(RECORDS SUPPLIED Opens)

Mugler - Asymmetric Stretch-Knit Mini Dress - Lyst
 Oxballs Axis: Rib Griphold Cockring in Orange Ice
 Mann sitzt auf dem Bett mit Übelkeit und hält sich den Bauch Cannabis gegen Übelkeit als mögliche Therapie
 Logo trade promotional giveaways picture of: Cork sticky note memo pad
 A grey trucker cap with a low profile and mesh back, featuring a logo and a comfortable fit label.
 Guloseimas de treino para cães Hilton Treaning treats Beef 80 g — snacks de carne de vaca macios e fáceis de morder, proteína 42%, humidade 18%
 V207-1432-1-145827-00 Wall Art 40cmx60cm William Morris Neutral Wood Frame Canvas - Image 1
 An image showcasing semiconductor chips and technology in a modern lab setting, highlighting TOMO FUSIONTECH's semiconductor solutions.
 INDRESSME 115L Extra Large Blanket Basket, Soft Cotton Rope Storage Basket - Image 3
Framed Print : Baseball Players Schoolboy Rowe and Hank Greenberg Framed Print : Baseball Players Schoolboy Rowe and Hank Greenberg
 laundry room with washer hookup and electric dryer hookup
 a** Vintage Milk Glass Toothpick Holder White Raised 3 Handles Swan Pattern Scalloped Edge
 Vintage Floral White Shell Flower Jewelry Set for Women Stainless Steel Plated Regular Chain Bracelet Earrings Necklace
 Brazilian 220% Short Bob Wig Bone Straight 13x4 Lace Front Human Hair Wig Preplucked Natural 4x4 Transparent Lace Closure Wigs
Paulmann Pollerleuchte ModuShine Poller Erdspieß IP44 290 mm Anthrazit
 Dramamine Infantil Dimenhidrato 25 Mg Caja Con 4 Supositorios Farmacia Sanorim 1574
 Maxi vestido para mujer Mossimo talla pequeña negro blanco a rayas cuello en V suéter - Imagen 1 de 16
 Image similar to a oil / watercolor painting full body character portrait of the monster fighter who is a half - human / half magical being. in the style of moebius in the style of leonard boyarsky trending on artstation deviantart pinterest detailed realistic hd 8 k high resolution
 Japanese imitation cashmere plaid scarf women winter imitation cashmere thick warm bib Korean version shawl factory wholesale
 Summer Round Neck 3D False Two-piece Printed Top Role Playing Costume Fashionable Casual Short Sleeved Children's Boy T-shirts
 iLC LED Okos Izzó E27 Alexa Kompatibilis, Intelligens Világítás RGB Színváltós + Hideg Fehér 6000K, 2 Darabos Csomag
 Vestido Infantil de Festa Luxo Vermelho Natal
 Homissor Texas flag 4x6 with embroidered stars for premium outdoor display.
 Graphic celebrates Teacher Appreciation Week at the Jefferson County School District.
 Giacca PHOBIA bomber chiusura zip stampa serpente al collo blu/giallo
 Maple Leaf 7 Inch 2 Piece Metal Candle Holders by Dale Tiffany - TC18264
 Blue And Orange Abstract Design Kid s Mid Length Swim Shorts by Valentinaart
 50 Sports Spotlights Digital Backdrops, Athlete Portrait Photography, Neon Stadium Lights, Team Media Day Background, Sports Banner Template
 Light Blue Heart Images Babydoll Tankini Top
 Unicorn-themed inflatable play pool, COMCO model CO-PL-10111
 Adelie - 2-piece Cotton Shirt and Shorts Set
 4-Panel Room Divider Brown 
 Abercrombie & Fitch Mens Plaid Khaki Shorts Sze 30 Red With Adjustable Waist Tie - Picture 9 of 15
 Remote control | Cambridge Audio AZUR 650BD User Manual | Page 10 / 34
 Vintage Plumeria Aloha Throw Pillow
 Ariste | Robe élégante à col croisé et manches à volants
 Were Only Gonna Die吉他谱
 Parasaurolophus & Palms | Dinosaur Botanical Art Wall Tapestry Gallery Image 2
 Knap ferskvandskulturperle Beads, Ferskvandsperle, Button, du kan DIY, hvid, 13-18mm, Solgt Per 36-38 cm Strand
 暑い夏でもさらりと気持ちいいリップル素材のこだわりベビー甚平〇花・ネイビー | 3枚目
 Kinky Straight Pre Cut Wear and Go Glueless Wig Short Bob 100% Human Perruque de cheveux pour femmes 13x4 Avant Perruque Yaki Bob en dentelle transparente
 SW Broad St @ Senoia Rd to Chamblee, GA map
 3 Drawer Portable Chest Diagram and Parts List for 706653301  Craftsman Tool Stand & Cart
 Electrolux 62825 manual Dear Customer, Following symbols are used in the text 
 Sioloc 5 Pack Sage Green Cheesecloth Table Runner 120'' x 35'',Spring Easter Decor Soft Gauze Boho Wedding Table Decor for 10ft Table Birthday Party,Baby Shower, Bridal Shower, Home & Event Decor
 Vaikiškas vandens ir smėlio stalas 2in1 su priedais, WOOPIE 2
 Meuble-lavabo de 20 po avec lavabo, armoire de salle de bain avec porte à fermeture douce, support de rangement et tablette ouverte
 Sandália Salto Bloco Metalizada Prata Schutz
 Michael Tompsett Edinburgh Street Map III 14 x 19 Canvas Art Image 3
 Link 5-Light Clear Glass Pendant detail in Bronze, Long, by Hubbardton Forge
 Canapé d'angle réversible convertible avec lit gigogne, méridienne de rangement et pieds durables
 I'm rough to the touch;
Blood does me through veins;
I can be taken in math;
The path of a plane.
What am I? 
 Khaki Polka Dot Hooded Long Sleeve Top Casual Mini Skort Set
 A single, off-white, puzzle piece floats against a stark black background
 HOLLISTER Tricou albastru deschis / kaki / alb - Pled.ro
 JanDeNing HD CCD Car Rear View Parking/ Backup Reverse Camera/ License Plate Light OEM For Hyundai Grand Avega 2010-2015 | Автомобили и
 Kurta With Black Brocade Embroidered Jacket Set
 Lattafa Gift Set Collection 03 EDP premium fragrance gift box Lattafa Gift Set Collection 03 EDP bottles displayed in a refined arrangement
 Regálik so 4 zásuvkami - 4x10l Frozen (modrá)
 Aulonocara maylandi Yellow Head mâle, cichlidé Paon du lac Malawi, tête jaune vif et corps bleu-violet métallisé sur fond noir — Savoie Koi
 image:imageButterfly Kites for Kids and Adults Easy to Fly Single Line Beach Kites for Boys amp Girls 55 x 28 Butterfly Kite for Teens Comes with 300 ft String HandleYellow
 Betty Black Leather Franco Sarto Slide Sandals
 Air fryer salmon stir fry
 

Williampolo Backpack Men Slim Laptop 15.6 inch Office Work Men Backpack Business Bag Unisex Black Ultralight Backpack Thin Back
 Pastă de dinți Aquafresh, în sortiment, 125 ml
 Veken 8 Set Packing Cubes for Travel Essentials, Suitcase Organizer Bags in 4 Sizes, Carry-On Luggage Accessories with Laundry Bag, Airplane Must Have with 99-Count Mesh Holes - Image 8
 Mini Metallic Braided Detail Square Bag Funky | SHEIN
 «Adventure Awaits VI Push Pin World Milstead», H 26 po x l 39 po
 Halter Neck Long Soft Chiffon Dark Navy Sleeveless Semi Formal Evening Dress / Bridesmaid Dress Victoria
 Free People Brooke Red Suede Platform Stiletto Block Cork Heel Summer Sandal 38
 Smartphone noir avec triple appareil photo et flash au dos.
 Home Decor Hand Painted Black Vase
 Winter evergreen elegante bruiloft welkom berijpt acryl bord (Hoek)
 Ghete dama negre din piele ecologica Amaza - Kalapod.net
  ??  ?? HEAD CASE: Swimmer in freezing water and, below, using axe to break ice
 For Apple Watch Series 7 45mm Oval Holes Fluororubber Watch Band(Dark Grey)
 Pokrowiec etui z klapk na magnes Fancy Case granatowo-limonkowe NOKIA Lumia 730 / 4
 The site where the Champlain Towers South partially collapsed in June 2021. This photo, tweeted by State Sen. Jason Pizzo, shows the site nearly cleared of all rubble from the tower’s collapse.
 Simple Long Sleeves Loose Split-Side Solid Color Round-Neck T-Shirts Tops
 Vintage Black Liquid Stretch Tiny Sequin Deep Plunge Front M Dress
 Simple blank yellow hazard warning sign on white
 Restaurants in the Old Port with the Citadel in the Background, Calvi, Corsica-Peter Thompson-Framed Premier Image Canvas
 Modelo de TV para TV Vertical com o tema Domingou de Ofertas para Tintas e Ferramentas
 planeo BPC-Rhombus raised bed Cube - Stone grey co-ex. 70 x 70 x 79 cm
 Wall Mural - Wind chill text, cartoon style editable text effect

(RECORDS SUPPLIED Closes)

- _EXERCISE OBJECTIVE_
Where the string "Front" occurs in the data, return the whole line.

- _RESULT BELOW_
 Brazilian 220% Short Bob Wig Bone Straight 13x4 Lace Front Human Hair Wig Preplucked Natural 4x4 Transparent Lace Closure Wigs
 Vintage Black Liquid Stretch Tiny Sequin Deep Plunge Front M Dress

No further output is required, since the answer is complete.